Paperback Series

It was nearly the end of the hour, most of the customers have already left the counters and those who remained were the regulars playing a few more rounds of pool before calling it quits. On a napkin, she drew a Martian cat holding a flag and a pint, folded it in half and inserted it in my phone casing.

I was feeling light, tired. She said it might have been the lateness of the night; we were not the same as we used to be. We were different then, but in a way, have not changed much.  Probably we were both.

It was my turn to buy the next round. I was running thin on beer money, but the night was still asking.

It was a mistake, but who’s counting nowadays? The world is full of it. Everyone has drums and boxes filled with it.

“Where were we?”

“Back to where we used to be, in a place we ought to be” She insisted.

“But you’re moving back to California.”

“A tourniquet.”

“The moon was fuller the last time we were here.
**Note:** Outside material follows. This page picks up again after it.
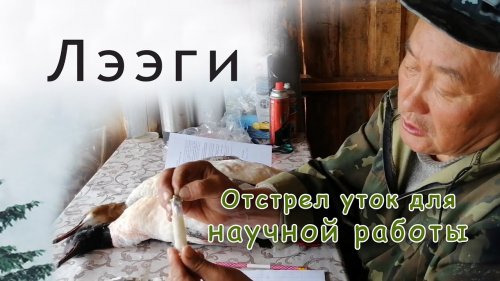 Отстрел уток для научной работы.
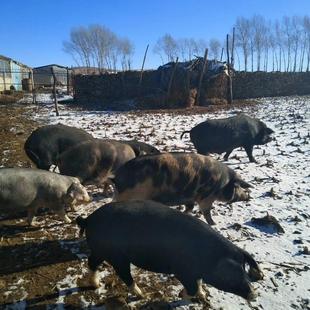 农家散养东北大民猪黑猪土猪肉  年猪 前 后腿肉 五花肉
Your hair longer and I didn’t have this limp.”

“You were dashing” She chuckled.

I returned some myself. “Eight years of alcohol does a lot to you.”

The container trucks lined up overhead, stuck on a flyover across our window.  The stream of orange highway lamps traced the roads with broken lines and asphalt.  She wrapped her head as it rested on her upper arm and continued,

“Will you cook me breakfast?”

“If you still like over easy with burnt hems.”

“I always thought it was perfect.”

“Yeah?”

“Yep.”

Sometimes I go to this place in my head where I recounted this sequence over and over. There were nights when I’d just look up in the sky and hope for a chance.  I still keep it with me, her dog-eared paperback copy of The Trial, protesting, one unused bookmark at a time.